7/3/2007 12:27 PM EDT

Using size_t appropriately can improve the portability, efficiency, or readability of your cod.  Maybe even all three.


Numerous functions in the Standard C library accept arguments or return values that represent object sizes in bytes. For example, the lone argument in malloc(n) specifies the size of the object to be allocated, and the last argument in memcpy(s1, s2, n) specifies the size of the object to be copied. The return value of strlen(s) yields the length of (the number of characters in) null-terminated character array s excluding the null character, which isn’t exactly the size of s, but it’s in the ballpark.

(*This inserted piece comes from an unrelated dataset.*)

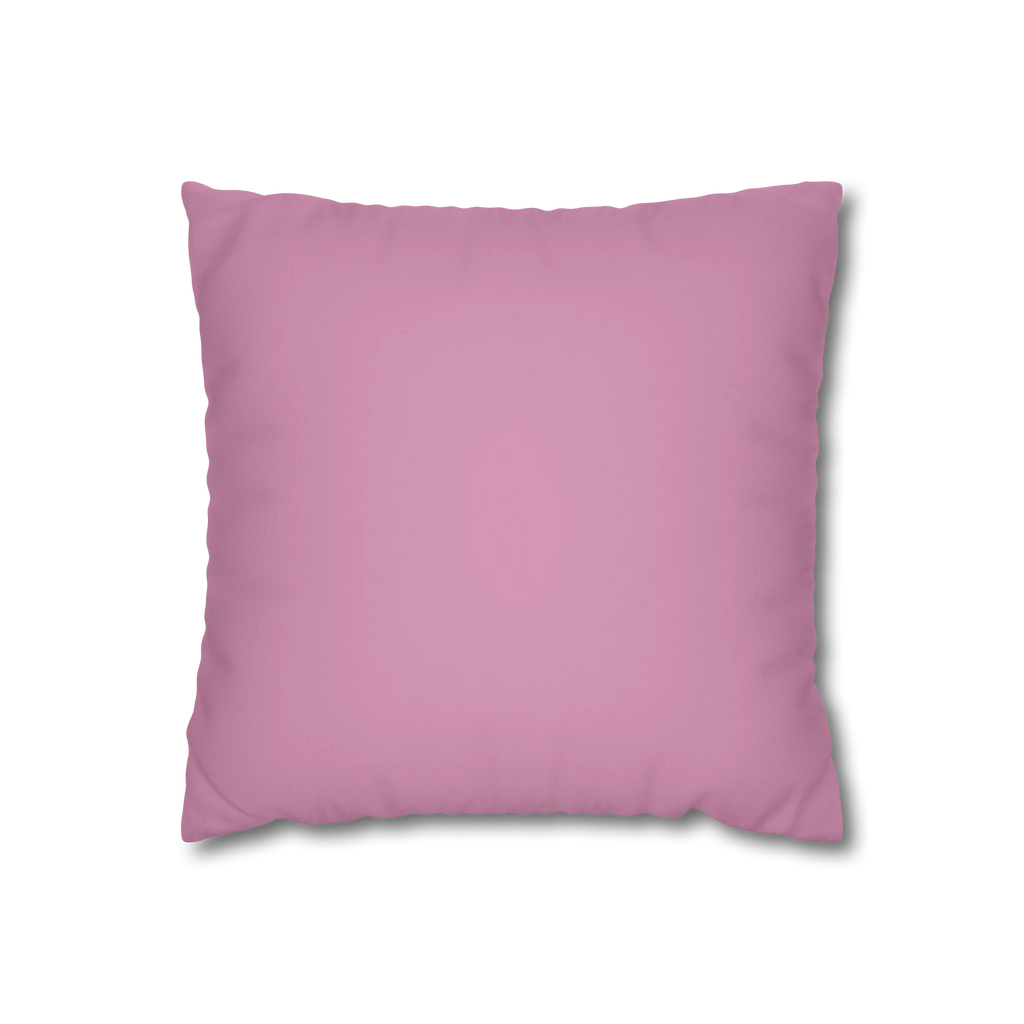 Dusty Calla Lily faux suede pillow case, front view.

You might reasonably expect these parameters and return types that represent sizes to be declared with type int (possibly long and/or unsigned), but they aren’t. Rather, the C standard declares them as type size_t. According to the standard, the declaration for malloc should appear in <stdlib.h> as something equivalent to:

void *malloc (size_t  n);


and the declarations for memcpy and strlen should appear in <string.h> looking much like:

void  *memcpy (void *s1, void const  *s2, size_t  n);  size_t  strlen (char const *s);



The type size_t also appears throughout the C++ standard library. In addition, the C++ library uses a related symbol size_type, possibly even more than it uses size_t.


In my experience, most C and C++ programmers are aware that the standard libraries use size_t, but they really don’t know what size_t represents or why the libraries use size_t as they do. Moreover, they don’t know if and when they should use size_t themselves.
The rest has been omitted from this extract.